Restate word for word the entries below, starting at the line with "Apartamento com 75m², 3" and ending at the line with "Á hậu Huyền". Keep both end lines and omit the pictures.

Dataset ▸
=-=-=
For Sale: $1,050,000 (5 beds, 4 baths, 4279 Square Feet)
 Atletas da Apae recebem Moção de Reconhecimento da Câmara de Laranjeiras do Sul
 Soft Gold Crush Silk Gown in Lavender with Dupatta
=-=-=
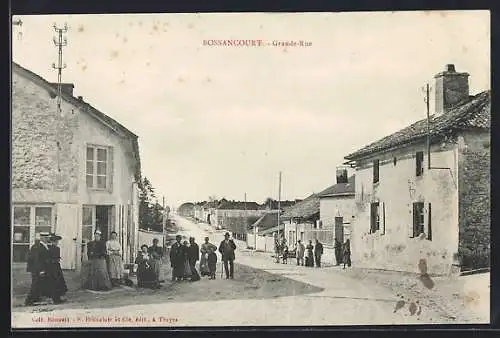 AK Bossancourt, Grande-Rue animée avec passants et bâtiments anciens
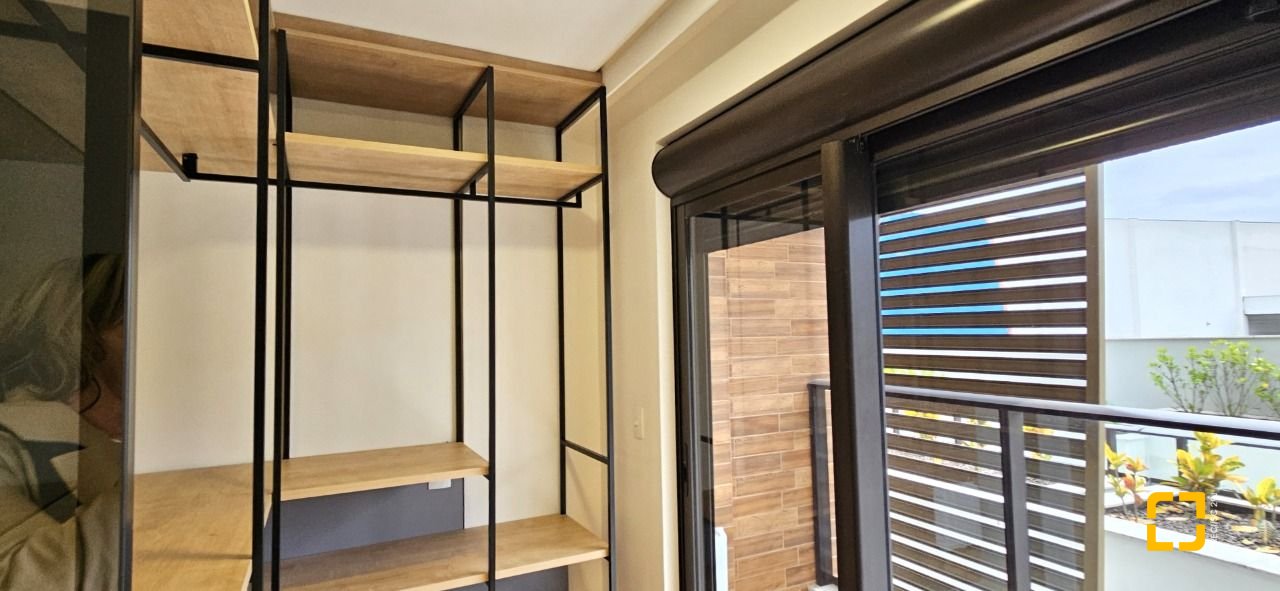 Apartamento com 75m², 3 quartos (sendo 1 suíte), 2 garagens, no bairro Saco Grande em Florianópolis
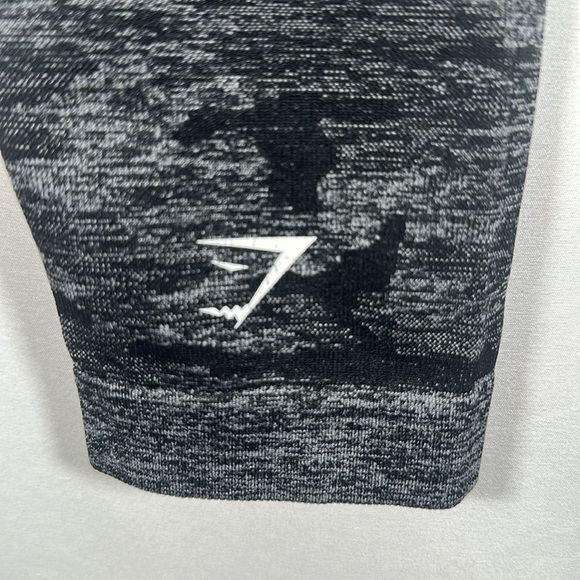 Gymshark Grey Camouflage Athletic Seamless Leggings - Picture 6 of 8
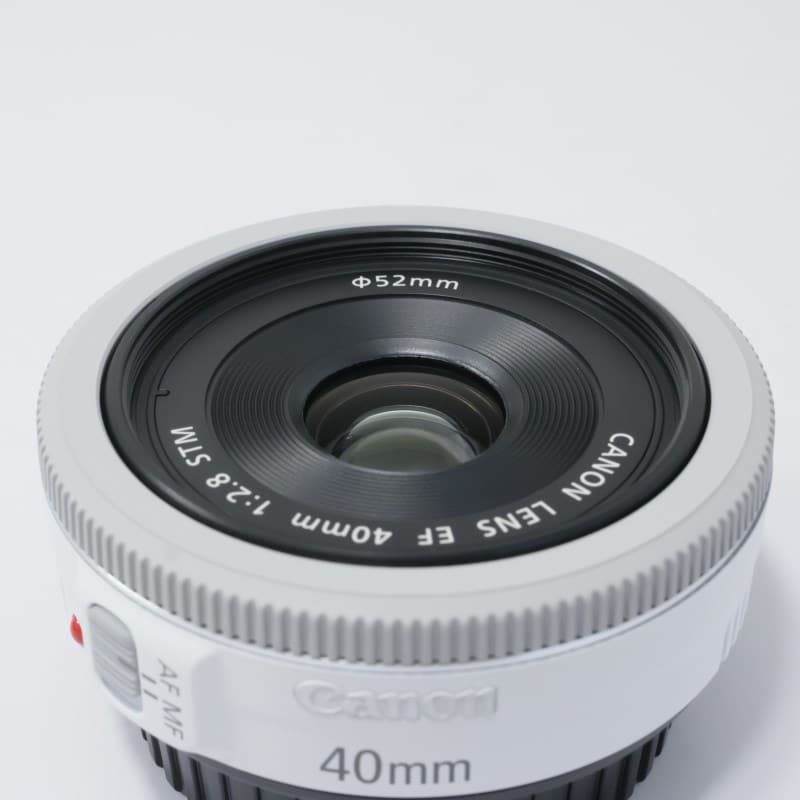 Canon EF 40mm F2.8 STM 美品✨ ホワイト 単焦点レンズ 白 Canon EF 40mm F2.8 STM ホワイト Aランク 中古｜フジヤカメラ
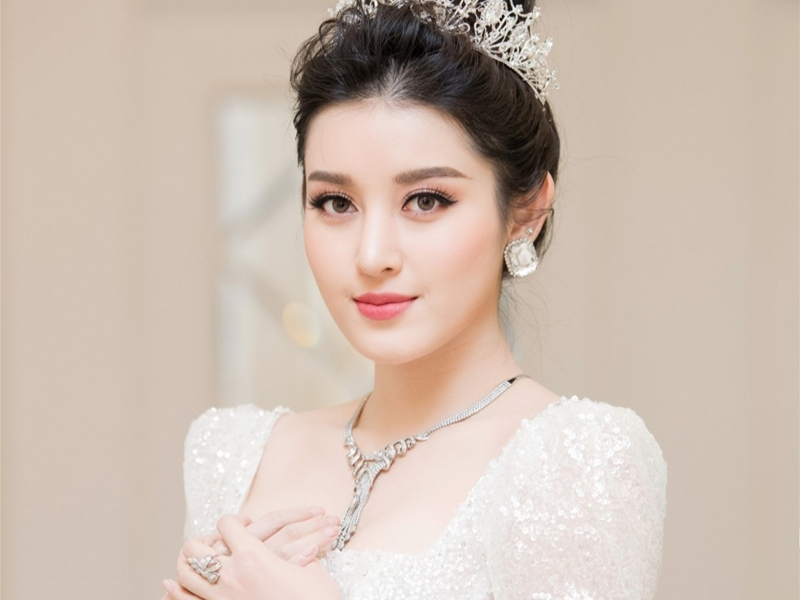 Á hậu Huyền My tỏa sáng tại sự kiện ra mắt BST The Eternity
=-=-=
Response ▸
 Apartamento com 75m², 3 quartos (sendo 1 suíte), 2 garagens, no bairro Saco Grande em Florianópolis
 Gymshark Grey Camouflage Athletic Seamless Leggings - Picture 6 of 8
 Canon EF 40mm F2.8 STM 美品✨ ホワイト 単焦点レンズ 白 Canon EF 40mm F2.8 STM ホワイト Aランク 中古｜フジヤカメラ
 Á hậu Huyền My tỏa sáng tại sự kiện ra mắt BST The Eternity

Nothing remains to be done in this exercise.